C'était une époque où, côté soleil, la météo de juillet en connaissait un rayon. Bien avant son illustre descendante de 2003, la canicule de 1976 fut l'une des plus marquantes du XXe siècle : trois semaines, du 22 juin au 15 juillet, où les températures se sont envolées, transformant la moitié nord de l'Hexagone en étuve. « Je m'en rappelle comme si c'était hier, raconte Claudine, assistante maternelle à Malakoff (Hauts-de-Seine). Il faisait une chaleur à crever. On essayait de trouver le frais au parc. »
En banlieue, comme ailleurs, les volets sont clos du matin au soir. Les chauffeurs de bus débraient. A l'usine Noël de Vitré (Ille-et-Vilaine), les ouvriers embauchent exceptionnellement à 5 heures pour terminer à 13h30. André, un Parisien de 68 ans, en profite pour arrêter de fumer : « On restait à l'intérieur. Rien que d'aller au bureau de tabac, c'était épuisant! » sourit-il.

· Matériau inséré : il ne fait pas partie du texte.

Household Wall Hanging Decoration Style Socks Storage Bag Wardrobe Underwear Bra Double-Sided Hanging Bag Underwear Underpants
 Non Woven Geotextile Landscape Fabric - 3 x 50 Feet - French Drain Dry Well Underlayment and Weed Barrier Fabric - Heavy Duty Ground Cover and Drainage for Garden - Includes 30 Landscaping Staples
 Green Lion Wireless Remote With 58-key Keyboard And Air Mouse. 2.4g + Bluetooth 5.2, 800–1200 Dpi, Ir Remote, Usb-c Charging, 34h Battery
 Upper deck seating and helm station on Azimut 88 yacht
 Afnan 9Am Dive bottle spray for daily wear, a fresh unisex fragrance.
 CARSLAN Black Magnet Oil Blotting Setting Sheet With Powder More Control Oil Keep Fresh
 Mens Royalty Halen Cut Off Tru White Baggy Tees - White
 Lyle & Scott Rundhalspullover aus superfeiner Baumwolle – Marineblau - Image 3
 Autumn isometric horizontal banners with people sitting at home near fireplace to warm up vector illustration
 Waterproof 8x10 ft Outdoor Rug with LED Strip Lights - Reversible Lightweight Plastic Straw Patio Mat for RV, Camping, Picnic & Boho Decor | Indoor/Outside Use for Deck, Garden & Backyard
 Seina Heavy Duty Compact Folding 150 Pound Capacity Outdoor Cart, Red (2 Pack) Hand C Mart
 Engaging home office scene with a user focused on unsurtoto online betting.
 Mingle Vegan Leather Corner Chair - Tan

Sols craquelés et bétail affamé
Les plus accablés sont sans conteste les agriculteurs. « Avant d'être une canicule, 1976 fut d'abord une sécheresse historique », résume Michel Schneider, climatologue à Météo France. En cause, un anticyclone qui prend ses quartiers des mois d'affilée en Europe du Nord. Automne 1975, hiver et printemps 1976 délivrent les averses au compte-gouttes. En ce mois de juillet, le Grand Ouest prend des airs de désert sahélien. Sols craquelés, animaux de ferme faméliques : « Lorsque l'on a pris la route des vacances, se souvient René, habitant du Val-de-Marne, nous croisions en Bourgogne des vaches affamées. Toute la campagne était roussie. C'était triste. »
Partout, le fourrage manque. « On a tout essayé, rappelle Claude Barbat, agriculteur à Ravigny (Mayenne), à l'époque propriétaire d'un troupeau d'une centaine de vaches. On est allés chercher du maïs dans le Maine-et-Loire, puis des betteraves du Calvados », pour finir « couper des arbres et donner les feuilles à manger aux vaches ». Les premiers temps, les éleveurs abattent aussi quelques têtes de bétail. Mais les files d'attente s'allongent devant les abattoirs et le cours de la viande s'effondre.
L'armée est appelée à la rescousse pour transporter du foin. Autant qu'au sabre, les Français s'en remettent au goupillon. Dans les paroisses, les prêtres prient le Ciel de les exaucer : « Dieu à qui nous devons de naître, nous dépendons de toi en toute chose. Accorde-nous la pluie dont nous avons besoin », exhortent-ils à l'unisson.
Un impôt sécheresse est créé
Même l'eau potable commence à manquer. La moitié de la ville de Saint-Brieuc (Côtes-d'Armor) en est privée. Et 10 millions de mètres cubes du précieux liquide doivent être acheminés dans les villages asséchés. « Les gens s'inquiétaient », confirme Claudine. Le nettoyage des voitures est interdit pour la première fois. Dans le Pas-de-Calais, des escrocs déguisés en policiers dressent de vraies-fausses amendes aux contrevenants. On compte jusqu'à 500 km de rivières à sec. Les poissons morts se ramassent à la pelle, 500 kg par jour dans le lac d'Enghien, et à Chantilly (Oise) les chevaux de course perdent jusqu'à 40 kg.
A partir de mi-juillet, le mercure va tout de même refréner ses ardeurs. Place à la douloureuse. Le principe d'un impôt sécheresse est acté le 25 août, le jour même où le Premier ministre, Jacques Chirac, remet sa démission. En matière statistique, « 1976 a été le 3e été le plus chaud de la période 1900-1976, détaille Michel Schneider, mais seulement le 7e plus chaud sur la période 1900-2011, derrière 2006, par exemple. » Une canicule 2006 que beaucoup ont oubliée.